Казалось бы, именно в плановом хозяйстве СССР и применять это революционно новое знание, способное значительно повысить отдачу от народного хозяйства. Однако, как видим, разного рода догматики не давали возможности донести открытие до лиц, принимавших главные хозяйственные решения в СССР, но страшно опасавшихся разной “крамолы”. И в научно-экономический оборот это открытие также не вошло в советские годы: политические экономы принципиального для их науки значения открытие “прощёлкали”.

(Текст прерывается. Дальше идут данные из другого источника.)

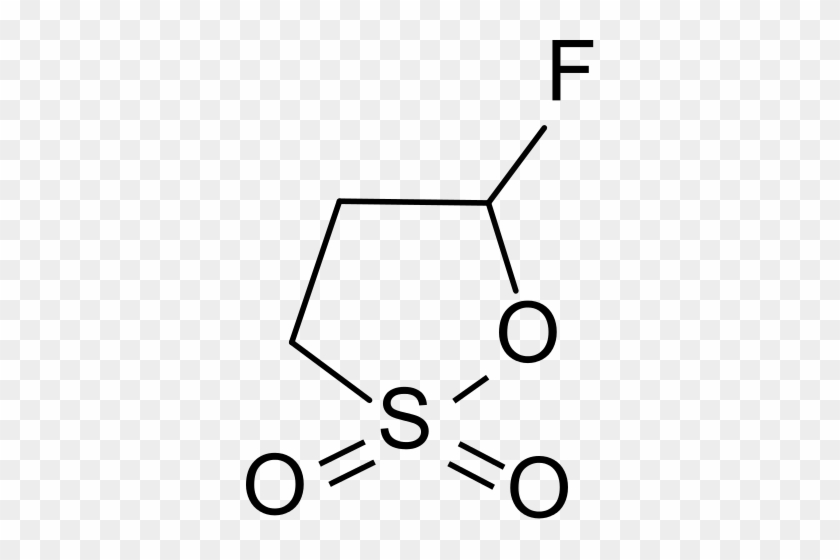 174 × 240 Pixels - Chemistry #1287357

Категорически необходим ценологический образ мышления и нашим современным экономическим правителям. Вот, например, взяли курс на всемерное сокращение мелких и средних банков. А что это такое, по экономической сути? Выхолащивание банковской экосистемы. Причём выхолащивание, непременным следствием которого будет дальнейшая деградация мелкого и среднего предпринимательства: крупные банки по чисто экономическим причинам не могут эффективно работать с мелкими предприятиями. Многочисленные отделения крупных банков не способны полноценно заместить самостоятельные небольшие банки. Это “особи” иного “вида”. И вот, с одной стороны, принимают меры по развитию малого предпринимательства, а с другой – уничтожают банки, способные с ним работать. Имеется и обратная связь. Слабое развитие малого предпринимательства не позволяет малым банкам успешно существовать, в необходимом числе, и толкает их к незаконным заработкам на обналичке и отмывании денег. Что, собственно, и служит причиной недовольства ими со стороны правительства.
Не понимает наше начальство и экономико-ценологического смысла существования малого и среднего предпринимательства. Оно загипнотизировано цифрами, подаваемыми не владеющими ценологией “экономистами”, согласно которым крупные предприятия эффективнее мелких. О связи между существованием, многочисленностью и многообразием мелких и средних предприятий наряду с крупными, вокруг них, и, важнее всего, для них (прямо и косвенно), и собственной эффективностью крупных предприятий эти горе-экономисты не ведают. И начальство вводят, невольно, в то же самое заблуждение.
По старой привычке смотрят на народное хозяйство не как на сообщество-экосистему, но как на простую совокупность предприятий. И потому упускают огромные резервы ценологически обусловленной эффективности: многие проценты и десятки процентов к ВВП, при тех же исходных обстоятельствах.
Нет никаких сомнений, что учение великого русского учёного Бориса Ивановича Кудрина непременно займёт своё законное место и в науке, и в деятельности человечества. Досадно будет, если в Россию его мысли вернутся, будучи вперёд использованными за границей, как нередко случалось.
С наступающим днём рождения, русский гений!